Monday this week doesn't just begin a new week but a new month. Wicked? Not really. February to me has always been apretty well...boring month. It's got what, Valentines Day? A day I really don't get at all. Well sure it's great to honour romance and love and friendship and what not. But must we really endure all the pink and the hearts and the...fluffy-ness? Don't get me wrong, I am a hopeless romantic and love fluffy romance to a certain degree. Valentines just...well some people over-do it. It's nauseating.
I have felt rather...creative today. Had a day off which meant that I didn't do anything at all. Basically. I did write alot on some of my unfinished works...and the words just keeps coming. I can't seem to stop this flow of words that are bursting out of my brain down to my typing fingers and saved onto my harddrive.
For a litterature/writing-geek like me it's like having an epiphany. I can't even describe what it feels like to barely be able to think the words before they are typed down on the virtual paper.
It's like my brain and my fingers are working together in such a fast pace that the part of my brain that sometimes struggles to find words doesn't even try to keep up. It's an euphoric feeling. When I'm in one of "my moods", as my brother so dearly refeers to it as, you can barely reach me.
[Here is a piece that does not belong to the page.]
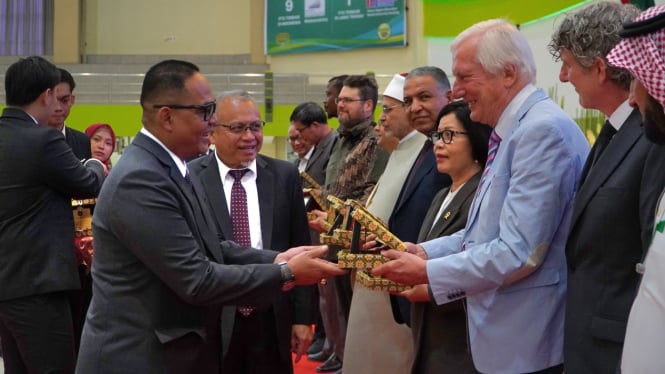 FH Unissula menggelar Konferensi Internasional lintas benua.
It's like I enter a part of my mind...my soul that I don't use every day and the imagination just flows.
Basically; I enter La-La-Land, Narnia, Neverland, My own personal Haven of Wickedness without any intention of returning to the
With me, I bring inspirational music, any kind of sugar filled becverage I can find (=Sugar High) and with that I get lost in my own imagination. Surrounded by my other selves and characters my wicked mind has created.
I literally free fall into my own insanity. I enter a place no other person would live through visiting; The Deepest Darkest Place of my Mind. A place not even I can fully comprehend.
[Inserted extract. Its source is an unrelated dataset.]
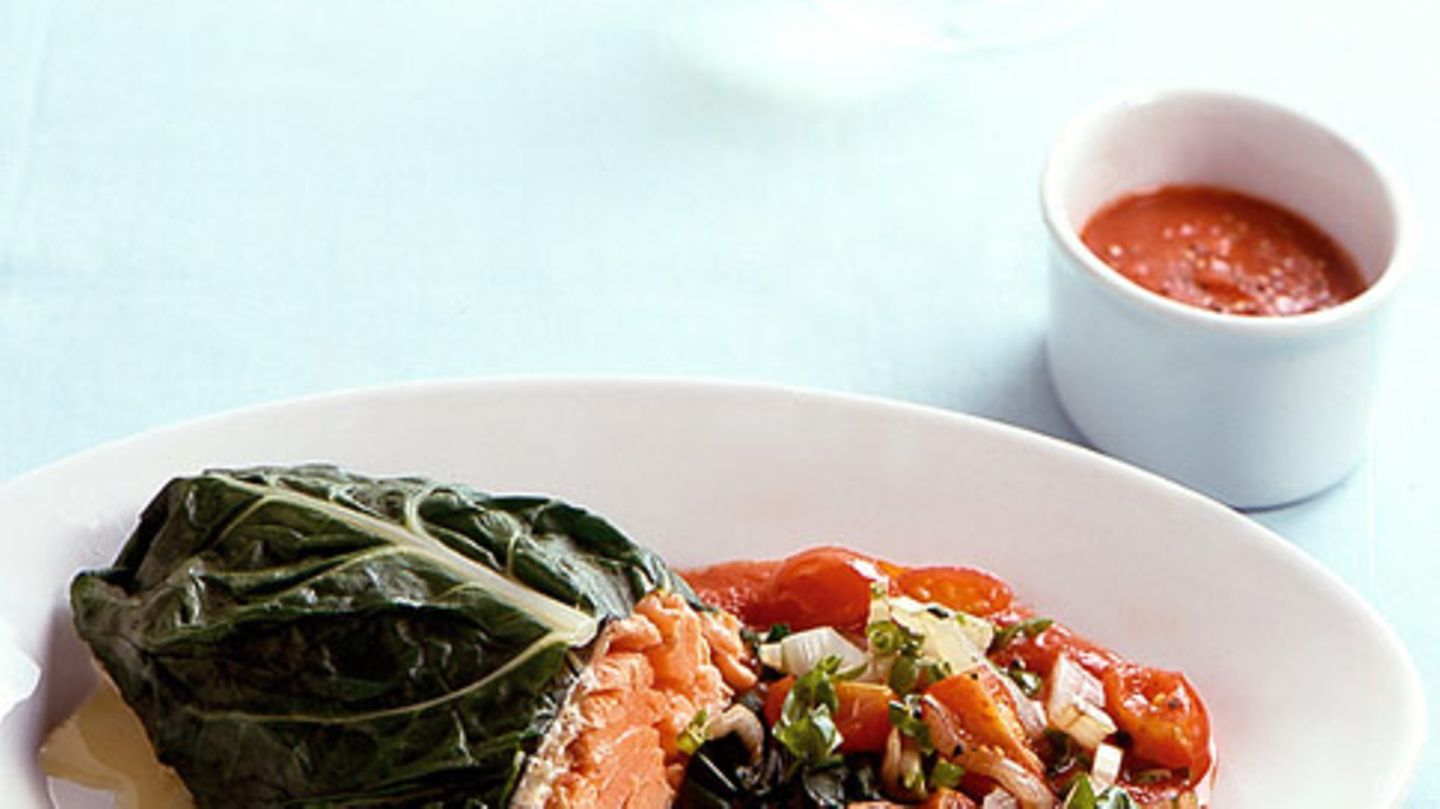 Gedämpfter Lachs mit Mangold Rezept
It's calming, relaxing to just leave reality for a couple of hours and immerse myself in my my own imagination. It's one of the greatest most soothing feelings in the world. And I don't think that just anyone can do that. Dissapear into themselves so deeply that the surrounding world doesn't exsist anymore. No longer is reality a fact or real it's a world beyond the one you have immersed yourself in. A world noone but you can enter. A world revolving around you, your thoughts, dreams and imagination. Everyone should have a place like that. their own safe haven. Their own personal Neverland.
I know I love my Neverland. I don't enter it every day...not even every week but when I do. Don't expect me to re-appear in the "real-world" for a while.
But one must be careful. Immerse yourself in your own world for too long and you might get stuck there. Stuck in a alternate-reality that may seem like heaven at first, but stay there for too long and it might turn into your very own personal hell. Your imagination is a powerful thing, some people have a stronger one then others. If this is good or bad I think I'll leave to Freud and his minions to figure out.
I read somewhere that the first sign of madness is talking to yourself. But I say that everyone has a healthy portion of insanity tucked somewhere inside them, some just show it more then others.
I've never claimed to be sane or normal, and I probably never will. But like I said; it's healthy to be slightly insane. Striving to be normal might just reduce you into some sort of non-healthy state of mind. ...
I am very content in my own insane state of mind.
And on that note I leave you to once again enter my own Neverland; where anything can happen and just like Peter Pan and The Lost Boys...you don't have to grow up or think about grown-up things if even...just for a little while.